I find this book problematic in various ways. Firstly, gender stereotypes and discriminations are presented. In the story, Gracie stayed at home and helped her mother prepare the dinner. We can see that her father was not doing anything because he is only mentioned by “Daddy rushed off with Will” (P. 8). Her brother was playing outside and not helping either. Besides, when people tried to think of methods to get Reverend Thomas’s teeth, nobody listened to Gracie. Secondly, when things happened accidentally, people pray. However, with all due respect, praying is not the way to actually solve the problem. After Reverend Thomas dropped his false teeth, the only thing he did was “praying for the safe return of his lost teeth” (P. 8). All of the neighbors helped him look for the teeth and Gracie’s brother Will even jumped into the water. It is not fair for everyone else to do the job for him even if he is honorable. Thirdly, when I read the method Gracie used to get the Reverend’s false teeth, I got a little confused. I think the author should elaborate it a little bit more about how Gracie used chicken for bait to catch the teeth.

Perceptually, the illustrations use bright colors to depict the joyful atmosphere. The pictures are not framed. Therefore, readers can have the view from within. Structurally, text and images overlap. Ideologically, the book teaches children to use their wisdom to solve problems instead of doing things without thinking.

Nice Little Girls

Author: Elizabeth Levy

Illustrator: Mordicai Gerstein

Publishing Information: Delacorte Pr 1974.

Number of Pages: 46

Genre: Non-fiction, Picture book

nlg 1 nlg 2


Jackie is a different little girl. Everyone in her class calls her a boy. She does not wear dresses as other girls in her class do. She wants to build a box. However, her teacher Mrs. James always wants Jackie to be a nice little girl. Suggested by her parents, Jackie decides to be herself. Finally, her classmates realize that Jackie is actually brave. At the party, they paint moustaches on each other’s faces.

The text functions as a mirror for children to have a reflection on their own school life. Readers of different ages may have different takeaways from the story. For children, they might ask themselves if they are in a similar situation as Jackie is or if there is any student like Jackie in their class and how they have treated him or her. For parents, they might reconsider the way they communicate with their children. When teachers call and tell them about the problems of their children, do they just take what the teachers say and blame the children right away or do they do the same thing as Jackie’s parents did, “hear the children’s side of the story” (p. 20).

While gender stereotypes and gender discriminations do not exist in the text, race discrimination is presented. In the book, all characters from the teacher to all of the students are illustrated as white people. Children might get the wrong impression about school. Diversity should be stressed in children’s literature, especially in those with the theme of school life like this one.

Perceptually, the illustrator use pencil sketch to draw the pictures. Such delicate illustrations can definitely attract readers.

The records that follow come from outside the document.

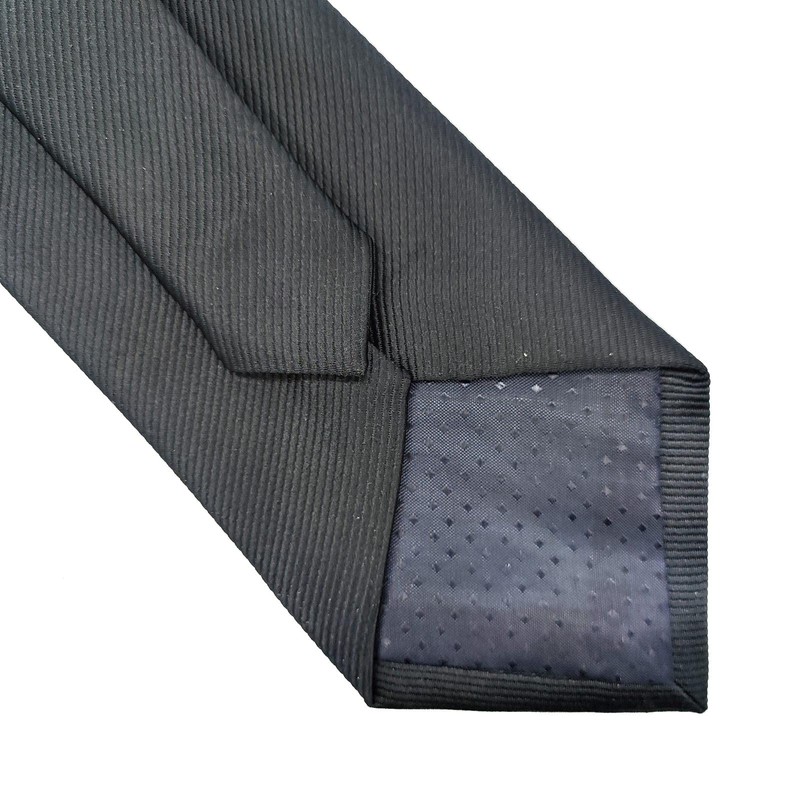 Classic Black Mens Solid Ties Neckties for Men Formal Neck
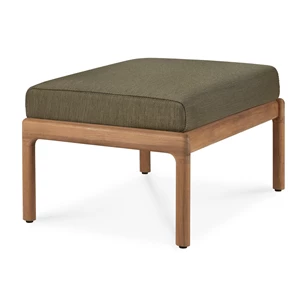 Voetenbank Teak Jack Outdoor Footstool Green fabric 10443 Ethnicraft
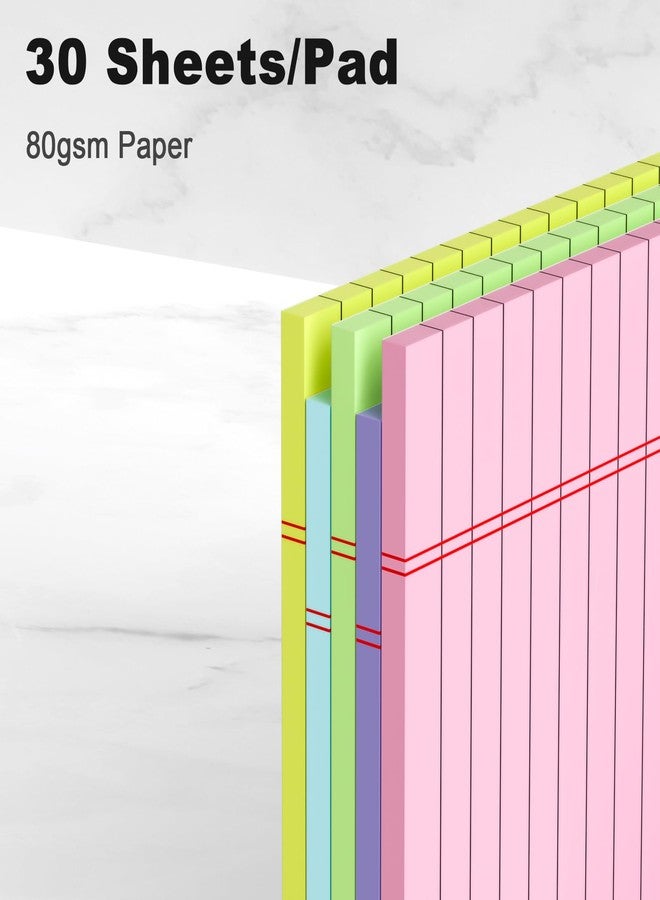 AILZFEI 5pcs Colored Note Pads 5x8 College Ruled Small Legal Pads Paper Notepads 5 Pack Clear Print Writing Pads 5 x 8 Paper Pads Perforated Narrow Ruled Pads of Paper - Image 3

The images are not framed which help readers to put themselves in the plot development. Structurally, text and images do not overlap which give readers a clearer view of the story. Ideologically, the book teaches children that there is no such thing as a “girl’s job” or a “boy’s job”? They can pursue any kinds of hobby as long as they enjoy them. Secondly, the story also shows children that teachers are not always right. It is important to communicate with parents. Thirdly, the book tells children that if some students in your class seem different than others, do not judge them and if you get to know them personally, they might be very nice people.

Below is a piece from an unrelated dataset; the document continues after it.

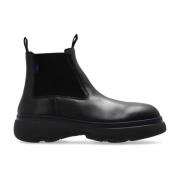 Burberry Creeper Chelsea Boots Black, Herr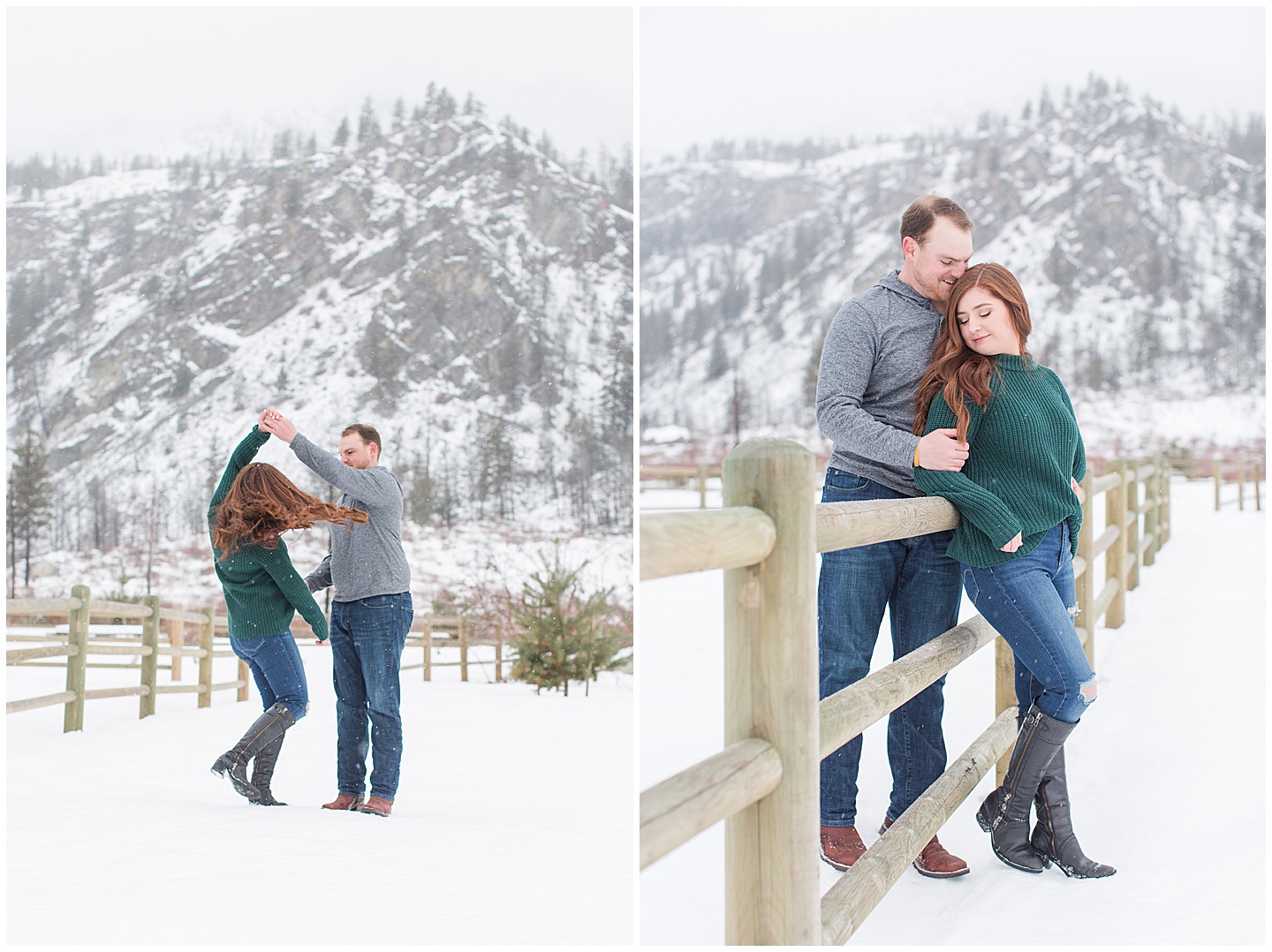 Winter Snowy Mountain Engagement Session Tiffany Joy W Photography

Author/ Illustrator: Ezra Jack Keats

Publishing Information: the Penguin Group, 1969.

Number of Pages: 32

Genre: Non-fiction, Picture book

gg 1 gg 2


Two boys Archie and Peter find a pair of goggles. They like it very much. However, some big boys appear and threat Archie and Peter for their goggles. Archie and Peter try to escape with the help of their smart dog Willie. Finally, they fool the big boys and run away with their precious goggles.

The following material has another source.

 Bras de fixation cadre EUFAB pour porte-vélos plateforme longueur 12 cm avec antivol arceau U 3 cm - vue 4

The main characters of the book are African Americans. The text serves as a door to for children to explore the life of minorities. I found the book problematic in the following two ways. First of all, although the story is about African Americans, I do not think it can count as a multicultural book because there is hardly any cultural elements presented in either the text or the illustrations. The story only exposes the dark side of African American society. The whole book is about two boys running away from bully and blackmail. Besides, I notice the poor environmental condition in the illustrations. Readers might get wrong impressions about African Americans. That is how stereotypes are made. Also, younger children who read the book might develop a fear for older children which leads to a result that they may be reluctant to school or any other places where there are children older than them.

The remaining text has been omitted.